После ужина дядя Митуш, Аго и Марин улеглись в защищенном от ветра местечке между двумя копнами. Целый день они работали у молотилки среди грохота, в пыли, под знойным солнцем. Там и при желании невозможно было разговаривать. Их лица, волосы, даже веки покрывала мелкая черная пыль. Все трое были похожи на негров. Глаза с красными воспаленными веками имели жуткий вид. Губы плотно сжаты. А теперь кругом тихо, пыли нет, веет прохладой. Поэтому, хоть они и устали, они не торопятся спать. Им приятно вот так отдохнуть, поговорить, послушать друг друга.

— Ребята, хорошенько укрывайтесь, ночью выпадет роса, холодно будет, — сказал дядя Митуш. — Я по звездам вижу. Вон их как много и как они мерцают…

— Звезда упала, — проговорил Марин. — Умер кто-то.

Рядом зашумела солома, и послышался громкий, гортанный смех Аго.

— Умер! Много ты знаешь! Бабьи сказки это. Бабьи сказки, — со смехом повторял он.

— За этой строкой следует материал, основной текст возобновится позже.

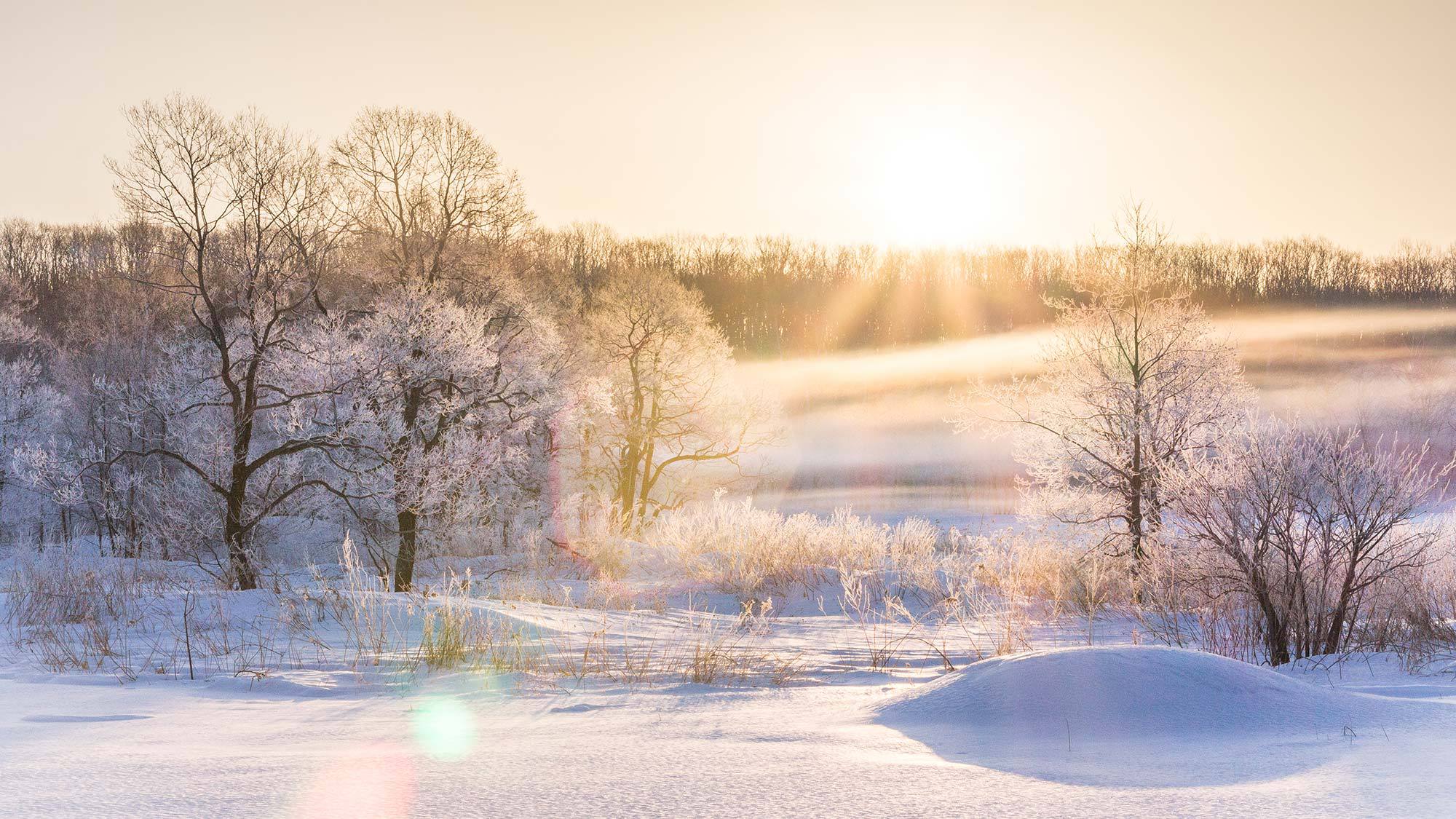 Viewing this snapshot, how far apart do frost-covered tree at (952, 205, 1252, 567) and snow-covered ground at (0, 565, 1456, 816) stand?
416 inches

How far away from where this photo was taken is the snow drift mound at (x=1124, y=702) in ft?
13.0

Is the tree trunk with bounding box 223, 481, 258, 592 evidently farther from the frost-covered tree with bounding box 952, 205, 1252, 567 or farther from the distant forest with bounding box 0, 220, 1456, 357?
the distant forest with bounding box 0, 220, 1456, 357

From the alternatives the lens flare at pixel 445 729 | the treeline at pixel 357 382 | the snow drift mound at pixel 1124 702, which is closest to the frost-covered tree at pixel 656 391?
the treeline at pixel 357 382

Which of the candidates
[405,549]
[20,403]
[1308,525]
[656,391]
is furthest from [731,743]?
[20,403]

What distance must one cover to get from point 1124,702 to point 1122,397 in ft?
45.3

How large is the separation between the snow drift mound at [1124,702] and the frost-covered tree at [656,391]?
25203 millimetres

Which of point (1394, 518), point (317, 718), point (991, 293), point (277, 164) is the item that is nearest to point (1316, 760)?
point (317, 718)

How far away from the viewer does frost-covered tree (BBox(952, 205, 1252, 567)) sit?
1667 cm

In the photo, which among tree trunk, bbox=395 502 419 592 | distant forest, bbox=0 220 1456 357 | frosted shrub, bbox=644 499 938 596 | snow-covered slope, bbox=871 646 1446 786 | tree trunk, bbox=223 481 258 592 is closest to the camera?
snow-covered slope, bbox=871 646 1446 786

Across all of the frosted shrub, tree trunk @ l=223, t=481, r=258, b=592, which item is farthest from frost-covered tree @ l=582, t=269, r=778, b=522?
tree trunk @ l=223, t=481, r=258, b=592

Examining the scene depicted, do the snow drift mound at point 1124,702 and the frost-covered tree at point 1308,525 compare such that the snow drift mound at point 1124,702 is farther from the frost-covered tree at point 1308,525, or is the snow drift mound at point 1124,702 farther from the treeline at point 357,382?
the treeline at point 357,382

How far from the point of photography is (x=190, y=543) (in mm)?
22953

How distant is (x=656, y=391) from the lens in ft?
101

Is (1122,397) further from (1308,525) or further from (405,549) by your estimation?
(405,549)
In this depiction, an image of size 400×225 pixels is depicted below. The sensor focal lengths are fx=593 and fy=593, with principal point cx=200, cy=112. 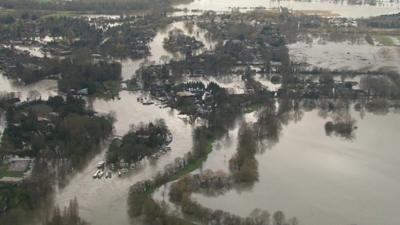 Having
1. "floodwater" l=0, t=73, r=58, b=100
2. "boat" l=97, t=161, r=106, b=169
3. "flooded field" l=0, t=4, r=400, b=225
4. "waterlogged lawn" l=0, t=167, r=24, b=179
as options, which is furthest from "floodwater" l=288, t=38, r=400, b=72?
"waterlogged lawn" l=0, t=167, r=24, b=179

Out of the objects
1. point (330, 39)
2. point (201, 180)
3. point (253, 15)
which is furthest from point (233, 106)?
point (253, 15)

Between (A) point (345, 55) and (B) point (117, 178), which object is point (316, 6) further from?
(B) point (117, 178)

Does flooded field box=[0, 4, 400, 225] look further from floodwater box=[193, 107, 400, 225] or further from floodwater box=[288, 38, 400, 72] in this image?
floodwater box=[288, 38, 400, 72]

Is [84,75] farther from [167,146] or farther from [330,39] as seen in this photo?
[330,39]

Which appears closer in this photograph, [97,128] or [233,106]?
[97,128]

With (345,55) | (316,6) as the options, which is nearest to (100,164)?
(345,55)

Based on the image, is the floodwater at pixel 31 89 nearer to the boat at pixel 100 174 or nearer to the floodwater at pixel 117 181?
the floodwater at pixel 117 181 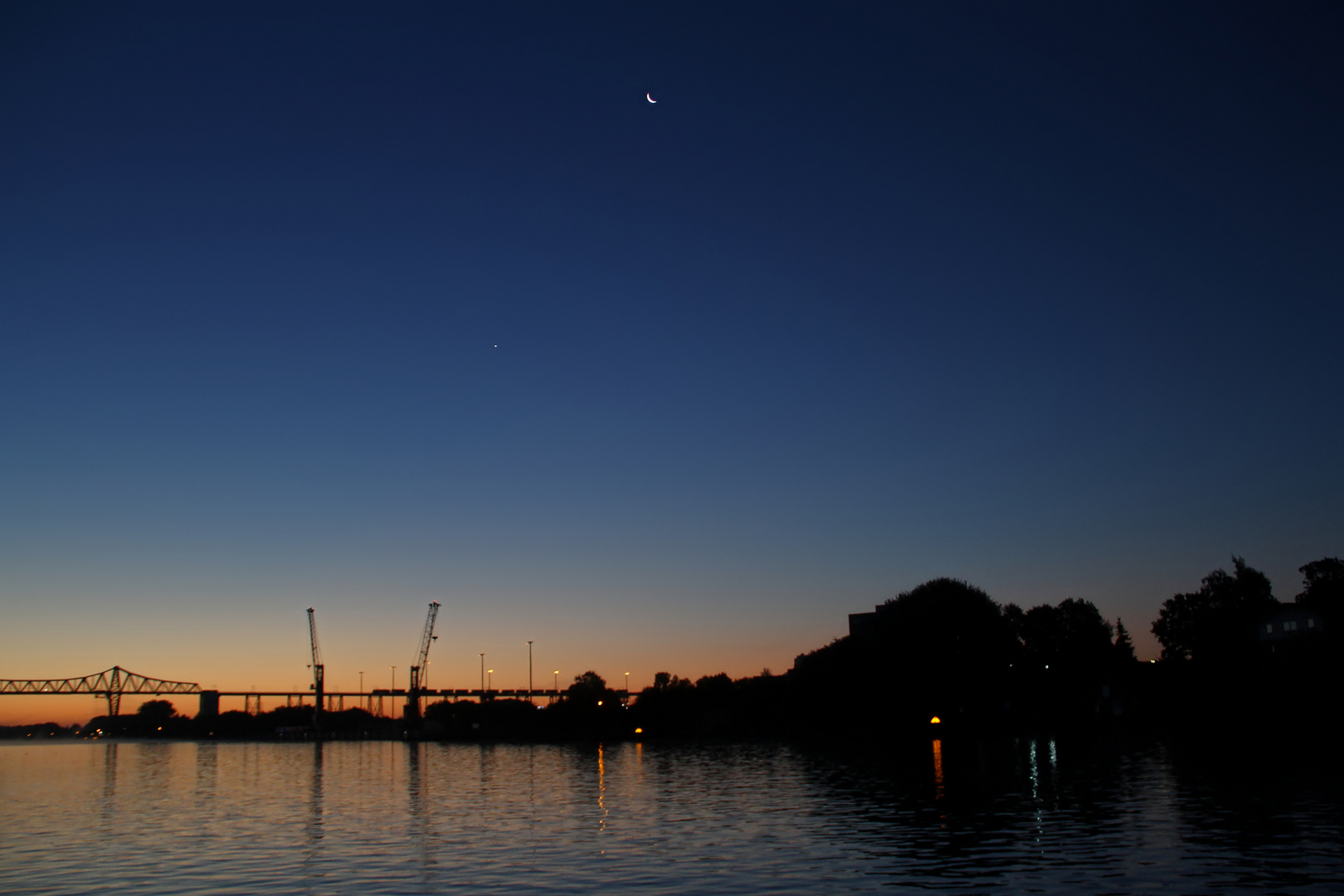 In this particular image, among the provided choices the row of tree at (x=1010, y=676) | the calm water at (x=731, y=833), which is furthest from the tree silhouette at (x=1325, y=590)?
the calm water at (x=731, y=833)

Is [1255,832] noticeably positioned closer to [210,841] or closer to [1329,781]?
[1329,781]

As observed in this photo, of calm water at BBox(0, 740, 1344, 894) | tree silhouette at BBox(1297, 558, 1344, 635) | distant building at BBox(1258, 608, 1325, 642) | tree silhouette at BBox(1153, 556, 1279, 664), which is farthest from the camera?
tree silhouette at BBox(1153, 556, 1279, 664)

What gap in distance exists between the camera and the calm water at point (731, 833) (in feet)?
94.2

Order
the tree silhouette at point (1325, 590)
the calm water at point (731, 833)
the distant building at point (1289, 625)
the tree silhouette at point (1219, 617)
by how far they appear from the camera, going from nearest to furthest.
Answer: the calm water at point (731, 833), the tree silhouette at point (1325, 590), the distant building at point (1289, 625), the tree silhouette at point (1219, 617)

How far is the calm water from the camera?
28719 mm

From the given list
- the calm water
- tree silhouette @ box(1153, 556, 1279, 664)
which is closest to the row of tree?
tree silhouette @ box(1153, 556, 1279, 664)

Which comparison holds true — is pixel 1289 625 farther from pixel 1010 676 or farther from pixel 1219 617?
pixel 1010 676

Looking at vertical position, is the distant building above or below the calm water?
above

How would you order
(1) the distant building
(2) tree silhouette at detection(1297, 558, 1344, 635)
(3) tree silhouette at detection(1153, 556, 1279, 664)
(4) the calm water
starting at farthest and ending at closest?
1. (3) tree silhouette at detection(1153, 556, 1279, 664)
2. (1) the distant building
3. (2) tree silhouette at detection(1297, 558, 1344, 635)
4. (4) the calm water

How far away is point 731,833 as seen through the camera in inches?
1523

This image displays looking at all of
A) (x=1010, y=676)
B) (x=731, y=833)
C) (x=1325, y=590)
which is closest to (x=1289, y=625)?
(x=1325, y=590)

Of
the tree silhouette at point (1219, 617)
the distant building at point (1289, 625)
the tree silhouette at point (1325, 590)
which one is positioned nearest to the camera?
the tree silhouette at point (1325, 590)

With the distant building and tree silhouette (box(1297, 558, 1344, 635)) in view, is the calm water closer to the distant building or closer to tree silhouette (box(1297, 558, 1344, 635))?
tree silhouette (box(1297, 558, 1344, 635))

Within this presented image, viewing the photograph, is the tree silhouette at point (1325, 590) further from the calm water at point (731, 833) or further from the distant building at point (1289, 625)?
the calm water at point (731, 833) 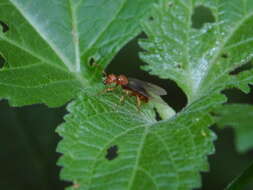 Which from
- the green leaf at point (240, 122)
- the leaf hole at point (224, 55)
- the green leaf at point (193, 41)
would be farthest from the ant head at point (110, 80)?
the green leaf at point (240, 122)

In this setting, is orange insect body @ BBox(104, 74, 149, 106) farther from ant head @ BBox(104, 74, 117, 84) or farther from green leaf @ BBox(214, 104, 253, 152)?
green leaf @ BBox(214, 104, 253, 152)

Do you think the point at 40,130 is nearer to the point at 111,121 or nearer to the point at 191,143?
the point at 111,121

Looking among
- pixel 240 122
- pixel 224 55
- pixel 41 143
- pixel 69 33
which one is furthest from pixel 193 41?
pixel 41 143

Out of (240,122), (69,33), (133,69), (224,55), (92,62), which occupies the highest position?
(69,33)

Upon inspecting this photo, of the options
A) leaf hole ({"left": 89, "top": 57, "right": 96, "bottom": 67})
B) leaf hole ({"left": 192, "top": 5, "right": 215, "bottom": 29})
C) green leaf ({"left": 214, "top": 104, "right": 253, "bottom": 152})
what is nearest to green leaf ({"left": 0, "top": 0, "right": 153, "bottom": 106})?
leaf hole ({"left": 89, "top": 57, "right": 96, "bottom": 67})

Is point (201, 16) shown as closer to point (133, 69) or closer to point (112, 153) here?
point (133, 69)

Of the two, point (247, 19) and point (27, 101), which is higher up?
point (27, 101)

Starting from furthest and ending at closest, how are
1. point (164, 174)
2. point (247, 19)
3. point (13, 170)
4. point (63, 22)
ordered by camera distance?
1. point (13, 170)
2. point (63, 22)
3. point (247, 19)
4. point (164, 174)

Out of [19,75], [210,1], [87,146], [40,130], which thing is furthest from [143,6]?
[40,130] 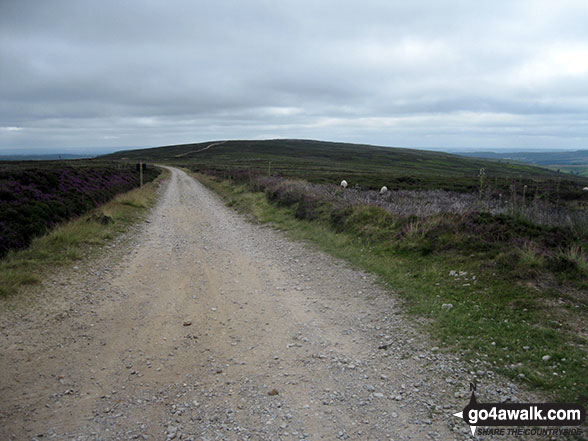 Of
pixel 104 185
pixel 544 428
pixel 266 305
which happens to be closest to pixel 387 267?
pixel 266 305

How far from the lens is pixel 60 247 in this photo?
877cm

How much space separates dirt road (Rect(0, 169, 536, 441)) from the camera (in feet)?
Answer: 11.1

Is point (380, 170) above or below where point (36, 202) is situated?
above

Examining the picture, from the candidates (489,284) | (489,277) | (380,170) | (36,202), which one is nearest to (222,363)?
(489,284)

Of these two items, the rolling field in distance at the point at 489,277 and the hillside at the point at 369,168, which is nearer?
the rolling field in distance at the point at 489,277

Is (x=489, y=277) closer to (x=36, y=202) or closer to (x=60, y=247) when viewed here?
(x=60, y=247)

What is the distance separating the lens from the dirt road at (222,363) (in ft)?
11.1

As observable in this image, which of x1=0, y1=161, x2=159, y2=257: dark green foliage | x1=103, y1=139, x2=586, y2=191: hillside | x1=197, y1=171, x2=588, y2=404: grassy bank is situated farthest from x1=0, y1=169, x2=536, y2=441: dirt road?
x1=103, y1=139, x2=586, y2=191: hillside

— Не смейся, Аго, — рассердился дядя Митуш. — Ну что ты за человек! Помолчи. Не знаю, ребята, умер кто или нет, а звезды все падают и падают. Во время сербской войны они падали как дождь, и мало ли народу погибло. Сказать по правде, когда я вот так гляжу на звезды, мне всякие такие мысли и лезут в голову. Днем работаешь, не думаешь, глаза на другое смотрят, а вечером… Вон сколько звезд сейчас! Кто их туда насадил? Как там? Что они?

— Ученые говорят, будто и на звездах живут люди, — промолвил Марин.

Аго опять заворочался и зашуршал соломой.

— Дьявола знают твои ученые, — сказал он со злостью.

— Такие все, говорю, мысли приходят по вечерам в голову, — снова начал дядя Митуш. — Спрашиваю себя: а куда нас приведет дорога? Что с нами будет? Почему камень лежит тысячи лет, а человек живет так мало? Почему? Допытываешься, смотришь вверх… И словно кто-то видит тебя оттуда, но ничего не отвечает. Молчит. И все думаешь, думаешь…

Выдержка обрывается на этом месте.